THE TASK: For the records that follow, please set down exactly the lines between the one holding "中国　青花　山水文盤　皿　直径約24.5cm　皿立付　V　R6420B" and the one holding "Calfskin Blue Silver", inclusive, and only those.

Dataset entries

:::

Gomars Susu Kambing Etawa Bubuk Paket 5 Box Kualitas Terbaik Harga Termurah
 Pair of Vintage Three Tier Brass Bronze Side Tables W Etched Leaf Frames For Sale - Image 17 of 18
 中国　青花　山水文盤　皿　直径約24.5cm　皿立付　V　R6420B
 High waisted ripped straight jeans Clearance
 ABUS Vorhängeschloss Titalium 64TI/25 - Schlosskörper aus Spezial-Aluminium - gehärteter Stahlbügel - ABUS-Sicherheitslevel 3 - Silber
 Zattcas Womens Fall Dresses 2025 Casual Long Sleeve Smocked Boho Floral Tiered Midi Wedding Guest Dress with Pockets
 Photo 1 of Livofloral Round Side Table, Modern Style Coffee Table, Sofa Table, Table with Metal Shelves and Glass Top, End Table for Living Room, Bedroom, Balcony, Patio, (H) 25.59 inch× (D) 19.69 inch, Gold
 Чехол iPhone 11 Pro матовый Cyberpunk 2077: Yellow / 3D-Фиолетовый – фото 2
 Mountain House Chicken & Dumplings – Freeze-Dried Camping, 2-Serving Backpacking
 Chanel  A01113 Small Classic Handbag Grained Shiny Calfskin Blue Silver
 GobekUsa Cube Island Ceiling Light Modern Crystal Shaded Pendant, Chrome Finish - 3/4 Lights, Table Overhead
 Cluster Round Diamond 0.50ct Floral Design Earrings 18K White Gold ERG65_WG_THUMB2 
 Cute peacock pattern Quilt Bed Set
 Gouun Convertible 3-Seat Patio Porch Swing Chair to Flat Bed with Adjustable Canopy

:::

TASK OUTPUT:
 中国　青花　山水文盤　皿　直径約24.5cm　皿立付　V　R6420B
 High waisted ripped straight jeans Clearance
 ABUS Vorhängeschloss Titalium 64TI/25 - Schlosskörper aus Spezial-Aluminium - gehärteter Stahlbügel - ABUS-Sicherheitslevel 3 - Silber
 Zattcas Womens Fall Dresses 2025 Casual Long Sleeve Smocked Boho Floral Tiered Midi Wedding Guest Dress with Pockets
 Photo 1 of Livofloral Round Side Table, Modern Style Coffee Table, Sofa Table, Table with Metal Shelves and Glass Top, End Table for Living Room, Bedroom, Balcony, Patio, (H) 25.59 inch× (D) 19.69 inch, Gold
 Чехол iPhone 11 Pro матовый Cyberpunk 2077: Yellow / 3D-Фиолетовый – фото 2
 Mountain House Chicken & Dumplings – Freeze-Dried Camping, 2-Serving Backpacking
 Chanel  A01113 Small Classic Handbag Grained Shiny Calfskin Blue Silver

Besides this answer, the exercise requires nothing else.